E l’Italia? Come quasi tutti i paesi europei ad accezione della Norvegia, Olanda e Regno Unito, possediamo, per la nostra storia geologica, scarsissime riserve petrolifere, confinate in pozzi profondi fino a 6000 metri nel Nord, in Mare Adriatico ed in Basilicata. Il giacimento in Basilicata produce quanto un medio giacimento del Medio Oriente: ma è l’unico e quindi irrilevante ai fini del bilancio energetico nazionale.
Non ci resta quindi che piangere sugli errori del passato in Italia con la cancellazione del programma nucleare e in Libia dove negli anni trenta una politica scellerata di ostruzionismo alla tecnologia anglosassone e fantasie imperiali in Africa Orientale, hanno sbarrato l’accesso alla ricerca dove, anche se in tracce, erano evidenti al caro collega Prof. Ardito Desio presenze di idrocarburi in pozzi d’acqua nella Gefara tripolina. Forse è stato meglio così: come i Francesi in Algeria e Tunisia, avremmo perso non solo la colonia ma anche il suo prezioso contenuto.

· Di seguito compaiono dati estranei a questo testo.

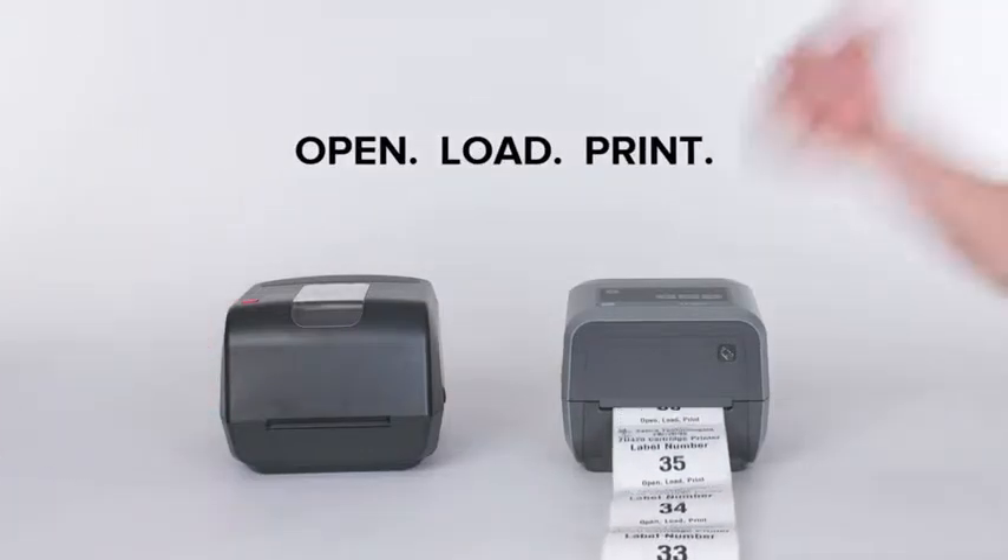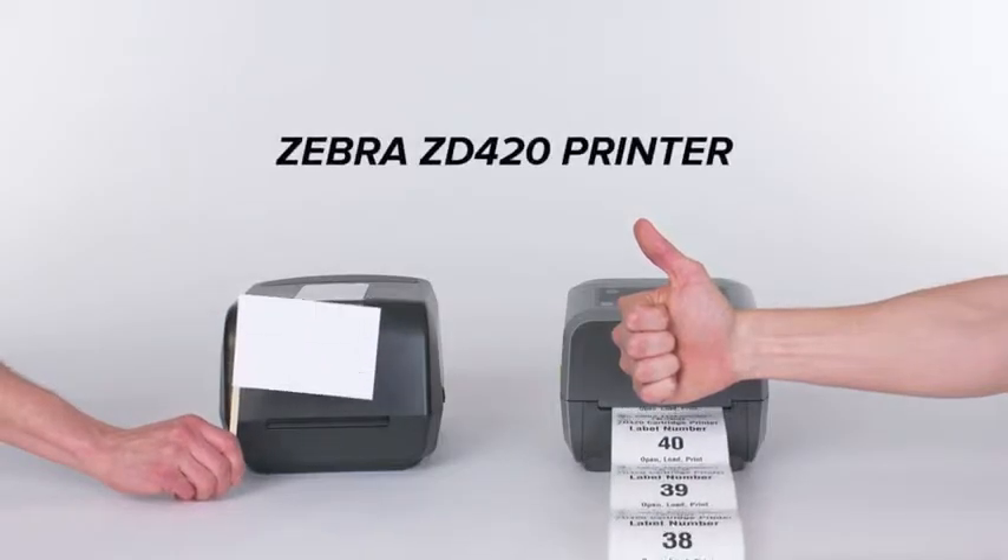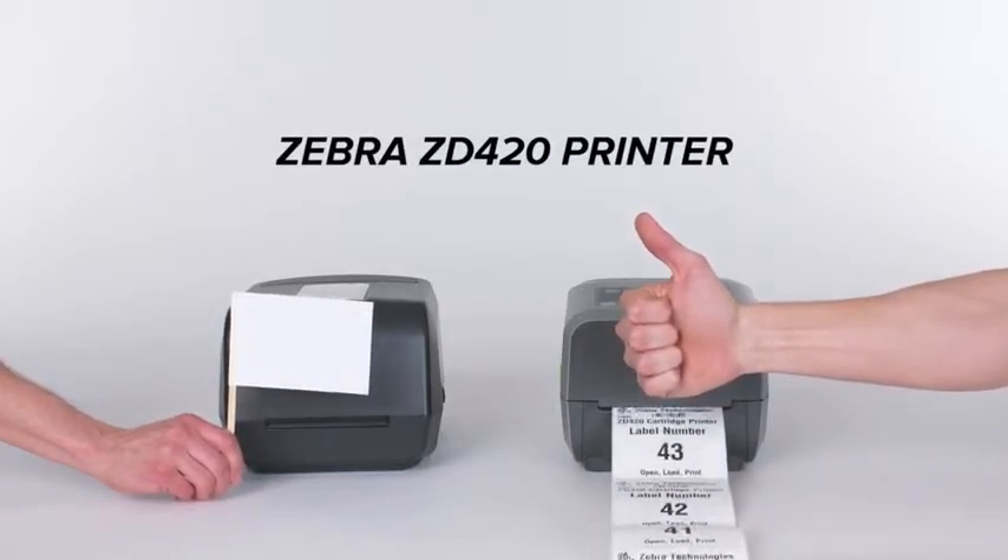Once the Zebra ZD420 is set up, it's ready in seconds. Eliminate frustration forever. The Zebra ZD420 Thermal Transfer Printers.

Ed a proposito di acqua, inutile dire che parliamo di una risorsa ancora più preziosa del petrolio di cui per centinaia di anni abbiamo fatto a meno: dell’acqua si parla poco nei convegni ed a sproposito. Le prossime guerre si faranno per l’acqua, in particolare nel Medio Oriente, altro che petrolio. Ma dov’è la soluzione? Come possiamo evitare gli sprechi? Non certo chiudendo il rubinetto mentre ci laviamo i denti: gli sprechi sono nelle enormi perdite dei nostri acquedotti, in particolare quello pugliese (70%) dovuti a tubazioni ridotte ad un colabrodo. Alzare il prezzo dell’acqua? L’acqua, in effetti, costa pochissimo rispetto agli altri servizi. Alzarne il costo ne consentirà un uso più oculato. Le industrie riciclano l’acqua utilizzata negli impianti attraverso la depurazione, ma, a sorpresa, il grande consumatore di acqua è l’agricoltura. Nel Nord Italia, vaste piantagioni di riso e mais sono ancora periodicamente allagate da miliardi di litri di acqua ed in estate. Il mais ha sostituito il grano che richiede sì acqua, ma in inverno. Ma il mais rende di più. Basterebbe usare impianti a pioggia o come si cerca di fare a goccia, anche se costoso. E l’acqua potabile? Si fornisce riciclando le acque reflue cittadine, debitamente depurate e sterilizzate; mancandoci l’energia a basso costo (leggi nucleare) non possiamo fare, per le mille città costiere ed in particolare le isole , la desalinizzazione del mare che richiede energia per evaporare l’acqua: il vapore, raffreddato, produce acqua distillata a cui si aggiungono sali per renderla potabile. Esistono diversi altri modi per fare acqua potabile senza dover utilizzare le poche falde disponibili (specialmente in periodi di scarse piogge come questi) ma sono decisioni politiche che contrastano con interessi di tipo mafioso che riguardano la fornitura di acqua potabile, in particolare alle isole.
____________
Mauro Annese
laureato a Firenze nel 1962 in Geologia, ha svolto per 40 anni la sua attività professionale nel mondo del petrolio, occupando in oltre venti paesi diverse mansioni di ricercatore, produttore, raffinatore e disinquinatore. Ora svolge lezioni sul petrolio ed energia, in forma volontaria, alle scuole, Università ed Associazioni private riscuotendo sempre un grande consenso per la unicità degli argomenti ed il modo, del tutto disinvolto e personale, con cui li racconta.